Published 12:00 am Thursday, November 29, 2007

The business of waste disposal, as we know it, may be in for an abrupt change.

It was about 30 years that eight localities —

Southampton and Isle of Wight counties, Franklin, Suffolk, Chesapeake, Norfolk, Virginia Beach and Portsmouth — formed the Southeastern Public Service Authority to meet the region’s garbage-disposal needs. It was designed to restrict the disposal of commercial and residential trash from those localities to SPSA-operated facilities.

The plan banked on SPSA functioning as a virtual monopoly, which, officials said at the time, would keep costs down and maintain a steady flow of trash into SPSA landfills, allowing SPSA to accurately plan the size and location of their properties.

That design, called flow control, was ruled unconstitutional by the U.S. Supreme Court in 1993. The high court reversed itself recently, and SPSA, not surprisingly, wants its member localities to re-embrace flow control, requiring haulers of commercial waste to use SPSA disposal facilities. Private waste companies, backed by the businesses they service, are lobbying localities to resist the temptation.

Southampton County has adopted flow control. The Franklin City Council has set a public hearing on the matter for Monday.

Normally, we would agree on the need to keep government meddling at a minimum.

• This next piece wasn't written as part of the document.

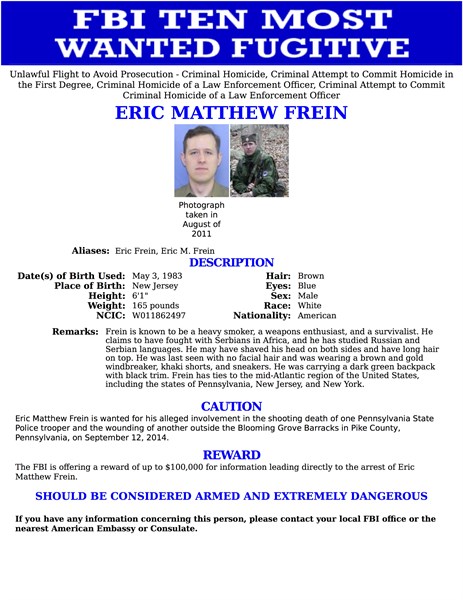 Top Ten Most Wanted notice issued by the FBI for Eric Matthew Frein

In this case, however, we tend to agree with SPSA that garbage disposal is analogous to a public utility.

Just as government regulates power companies to control the effusion of power lines and substations, so should local governments have the right to regulate the trash stream that originates in their jurisdictions.

Without flow control, officials setting solid waste disposal plans cannot ever be certain of the size they should plan for their landfills. If they plan small landfills, what are they to do when garbage haulers (for any number of reasons) choose to quit hauling trash to private dumps? If they plan larger landfills, anticipating trash from local businesses, they put themselves at risk of extortion by haulers who threaten to take their trash elsewhere if their rates aren’t lowered.

In fact, that’s what happened to SPSA after the original Supreme Court decision in 1993. SPSA was organized and incorporated under the assumption that its landfill would handle all local trash at a specified rate. When the court’s decision allowed private haulers to take commercial trash elsewhere, SPSA was forced to offer those haulers a much lower rate in order to preserve some of the viability of its business model.

Regulating waste disposal as a sort of public utility would give municipal planners a better handle on the future they’re trying to predict.

Another, equally important, point is that residential customers are subsidizing businesses under the current plan. Citizens are not allowed to contract with private haulers to take away their garbage and are therefore captives of the government garbage monopoly.

The low rates commercial entities receive as a result of the leverage they gain from freedom of choice translate into huge price increases for residential customers.

To be sure, consumers will see increases in the price of goods as a result of the higher cost of doing business. In a free market, though, the cost of goods should be reflective of the cost of doing business; the former should not be artificially depressed by burdening taxpayers with the latter.

That’s corporate welfare on a local level.